Picking a Voice of Reason

(Gerald Martineau - Staff)
By Lyndsey Layton
Washington Post Staff Writer
Wednesday, February 1, 2006

There is no cash prize, no Broyhill living room set, not even a free Metro ride -- just bragging rights and your voice piped into subway cars 33,017 times a day.

But the suspense mounts: Who will win the great Voice of Metrorail contest today? Which singular sound will be selected from among 10 finalists, whose voices range from bass to soprano, from smoky to bubbly?

Will it be the federal bureaucrat with the Southern twang? The second-grade teacher with the chipper tone? The sultry car dealership employee?

The finalists, chosen from 1,259 entries, awoke this morning to the possibility of hitting the big time, of being anointed the new voice of Metro and recording the "doors closing" message that plays on every Metro train after every station stop. The voice will replace a 10-year-old recording that transit officials said has grown so stale no one pays attention to it anymore.

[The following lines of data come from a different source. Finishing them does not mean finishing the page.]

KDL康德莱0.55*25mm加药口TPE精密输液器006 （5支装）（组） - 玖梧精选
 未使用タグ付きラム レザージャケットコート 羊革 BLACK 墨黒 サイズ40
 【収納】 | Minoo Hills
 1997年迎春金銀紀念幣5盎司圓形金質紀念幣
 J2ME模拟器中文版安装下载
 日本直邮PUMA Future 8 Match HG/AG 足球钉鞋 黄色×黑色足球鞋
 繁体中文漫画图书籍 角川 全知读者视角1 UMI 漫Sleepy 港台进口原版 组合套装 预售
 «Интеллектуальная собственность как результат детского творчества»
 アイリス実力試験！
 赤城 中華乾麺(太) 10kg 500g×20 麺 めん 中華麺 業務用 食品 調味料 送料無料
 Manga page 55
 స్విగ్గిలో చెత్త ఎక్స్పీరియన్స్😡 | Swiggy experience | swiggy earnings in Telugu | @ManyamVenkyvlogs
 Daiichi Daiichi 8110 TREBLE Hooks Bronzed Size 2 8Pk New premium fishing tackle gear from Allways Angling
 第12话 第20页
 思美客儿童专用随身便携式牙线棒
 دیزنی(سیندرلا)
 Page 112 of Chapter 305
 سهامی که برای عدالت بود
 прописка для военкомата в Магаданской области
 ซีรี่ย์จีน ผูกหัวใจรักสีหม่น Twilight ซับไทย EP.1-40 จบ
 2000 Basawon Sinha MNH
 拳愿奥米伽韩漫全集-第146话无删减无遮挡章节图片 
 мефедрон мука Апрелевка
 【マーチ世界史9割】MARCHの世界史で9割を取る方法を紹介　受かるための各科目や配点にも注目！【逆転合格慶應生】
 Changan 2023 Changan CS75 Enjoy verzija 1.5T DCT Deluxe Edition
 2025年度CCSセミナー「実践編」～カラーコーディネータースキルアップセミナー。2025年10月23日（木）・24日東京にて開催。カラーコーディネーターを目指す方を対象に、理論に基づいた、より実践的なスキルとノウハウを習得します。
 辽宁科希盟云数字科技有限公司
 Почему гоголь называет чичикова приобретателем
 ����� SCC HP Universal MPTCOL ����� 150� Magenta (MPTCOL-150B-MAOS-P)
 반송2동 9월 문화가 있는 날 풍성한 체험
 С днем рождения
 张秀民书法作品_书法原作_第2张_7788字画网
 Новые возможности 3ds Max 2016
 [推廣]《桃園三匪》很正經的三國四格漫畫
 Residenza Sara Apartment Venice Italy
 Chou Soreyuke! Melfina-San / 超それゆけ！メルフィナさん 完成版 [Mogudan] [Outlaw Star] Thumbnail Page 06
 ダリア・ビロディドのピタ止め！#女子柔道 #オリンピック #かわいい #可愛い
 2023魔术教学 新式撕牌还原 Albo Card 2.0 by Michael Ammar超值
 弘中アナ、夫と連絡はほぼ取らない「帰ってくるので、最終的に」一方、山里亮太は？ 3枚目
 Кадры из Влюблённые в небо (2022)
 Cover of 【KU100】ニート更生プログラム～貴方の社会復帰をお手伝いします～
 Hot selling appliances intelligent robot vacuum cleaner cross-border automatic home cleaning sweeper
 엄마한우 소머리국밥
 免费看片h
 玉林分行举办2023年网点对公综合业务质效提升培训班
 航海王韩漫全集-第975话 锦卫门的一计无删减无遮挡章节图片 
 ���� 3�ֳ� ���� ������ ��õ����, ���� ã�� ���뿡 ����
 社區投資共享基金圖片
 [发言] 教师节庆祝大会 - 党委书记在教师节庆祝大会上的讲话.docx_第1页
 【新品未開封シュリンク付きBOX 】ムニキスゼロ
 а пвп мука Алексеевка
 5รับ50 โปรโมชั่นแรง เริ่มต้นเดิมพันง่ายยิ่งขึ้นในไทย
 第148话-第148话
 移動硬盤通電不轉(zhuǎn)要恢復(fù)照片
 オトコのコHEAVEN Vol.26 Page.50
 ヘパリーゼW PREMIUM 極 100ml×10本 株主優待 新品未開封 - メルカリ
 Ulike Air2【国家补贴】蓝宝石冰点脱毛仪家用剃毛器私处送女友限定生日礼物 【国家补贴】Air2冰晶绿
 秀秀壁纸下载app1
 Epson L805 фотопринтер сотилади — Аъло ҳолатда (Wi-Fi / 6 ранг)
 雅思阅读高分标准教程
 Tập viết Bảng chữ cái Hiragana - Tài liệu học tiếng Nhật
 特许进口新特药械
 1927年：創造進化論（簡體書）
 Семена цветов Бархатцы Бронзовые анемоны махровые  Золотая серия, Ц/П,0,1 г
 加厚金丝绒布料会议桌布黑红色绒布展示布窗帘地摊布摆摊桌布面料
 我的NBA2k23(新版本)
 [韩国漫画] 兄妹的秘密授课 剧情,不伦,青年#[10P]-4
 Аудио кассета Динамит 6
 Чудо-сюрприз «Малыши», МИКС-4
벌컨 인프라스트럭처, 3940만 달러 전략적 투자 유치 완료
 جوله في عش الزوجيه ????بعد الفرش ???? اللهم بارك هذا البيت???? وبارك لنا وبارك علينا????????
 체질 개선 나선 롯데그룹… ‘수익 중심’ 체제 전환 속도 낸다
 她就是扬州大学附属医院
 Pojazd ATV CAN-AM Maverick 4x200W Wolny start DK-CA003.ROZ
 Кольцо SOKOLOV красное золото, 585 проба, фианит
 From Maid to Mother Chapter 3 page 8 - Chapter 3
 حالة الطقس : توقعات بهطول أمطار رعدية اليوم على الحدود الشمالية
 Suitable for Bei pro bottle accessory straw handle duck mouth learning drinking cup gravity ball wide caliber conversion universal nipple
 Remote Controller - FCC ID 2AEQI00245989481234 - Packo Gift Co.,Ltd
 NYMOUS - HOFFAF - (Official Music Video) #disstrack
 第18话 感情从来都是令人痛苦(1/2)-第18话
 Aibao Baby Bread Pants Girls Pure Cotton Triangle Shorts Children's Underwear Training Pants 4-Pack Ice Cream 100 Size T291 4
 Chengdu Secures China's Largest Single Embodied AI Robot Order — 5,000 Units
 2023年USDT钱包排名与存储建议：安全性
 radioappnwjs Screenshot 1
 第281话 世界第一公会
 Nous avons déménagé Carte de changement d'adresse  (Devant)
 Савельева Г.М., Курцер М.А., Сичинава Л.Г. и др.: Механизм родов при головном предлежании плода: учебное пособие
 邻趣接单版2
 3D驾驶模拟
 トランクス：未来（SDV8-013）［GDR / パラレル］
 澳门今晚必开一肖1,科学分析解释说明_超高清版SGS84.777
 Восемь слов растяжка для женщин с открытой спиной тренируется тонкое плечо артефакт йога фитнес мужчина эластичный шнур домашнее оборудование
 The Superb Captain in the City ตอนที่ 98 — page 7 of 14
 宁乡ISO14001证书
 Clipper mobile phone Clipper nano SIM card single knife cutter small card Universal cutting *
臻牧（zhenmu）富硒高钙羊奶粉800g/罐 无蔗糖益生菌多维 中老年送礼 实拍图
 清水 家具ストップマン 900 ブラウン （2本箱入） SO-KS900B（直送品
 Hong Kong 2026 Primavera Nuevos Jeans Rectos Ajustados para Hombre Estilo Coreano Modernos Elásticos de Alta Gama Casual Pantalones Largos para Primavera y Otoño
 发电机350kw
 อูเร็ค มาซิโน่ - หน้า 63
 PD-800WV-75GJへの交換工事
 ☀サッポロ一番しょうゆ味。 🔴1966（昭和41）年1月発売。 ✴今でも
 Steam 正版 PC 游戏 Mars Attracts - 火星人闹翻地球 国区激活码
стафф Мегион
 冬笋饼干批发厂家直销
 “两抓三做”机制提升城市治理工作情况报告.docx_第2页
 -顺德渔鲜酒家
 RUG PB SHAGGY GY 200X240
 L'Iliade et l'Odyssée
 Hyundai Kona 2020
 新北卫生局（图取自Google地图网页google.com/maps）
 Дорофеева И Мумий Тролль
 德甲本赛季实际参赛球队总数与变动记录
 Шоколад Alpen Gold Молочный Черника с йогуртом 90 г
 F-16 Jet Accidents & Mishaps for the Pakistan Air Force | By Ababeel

The winner will enjoy a peculiar type of celebrity. His or her voice will become one of the distinctive sounds of Washington, intimately familiar to Metro's 700,000 daily subway riders.

Metro officials were stunned by the interest in the contest. The transit agency was flooded with audition recordings from as far away as Seattle. A panel of Metro managers narrowed the field to 10, all of whom live in the metropolitan area and half of whom ride Metro regularly.

This morning, three judges -- the head of marketing for Metro, a representative of the ad agency under contract with Metro and a former local anchorwoman -- will listen to recordings made in a professional studio and select a winner.

Who would compete for this faceless honor?

"It would be a dream come true," said finalist Steve Broido, a 30-year-old District resident. "It would be so awesome. I'm pretty excited, I have to admit -- just the idea that it could be your voice!"

Broido works for "The Motley Fool," a financial-advice radio program, but labors behind the scenes as a producer, not on the air. He practiced his "doors closing" announcements in the shower.

"It's going to be tough," said Broido, who sings bass in an a cappella group. "It all depends on what they're looking for. They're looking for a specific paint chip, and there are millions of paint chips."

John Howell, 35, is a federal worker with no radio experience. He does, however, have a deep voice and a 4-year-old son who is crazy about trains. "I saw this as a blatant opportunity to win Dad points," said Howell, who made his audition tape on a recorder in his Fairfax Station garage and was stunned to be named a finalist.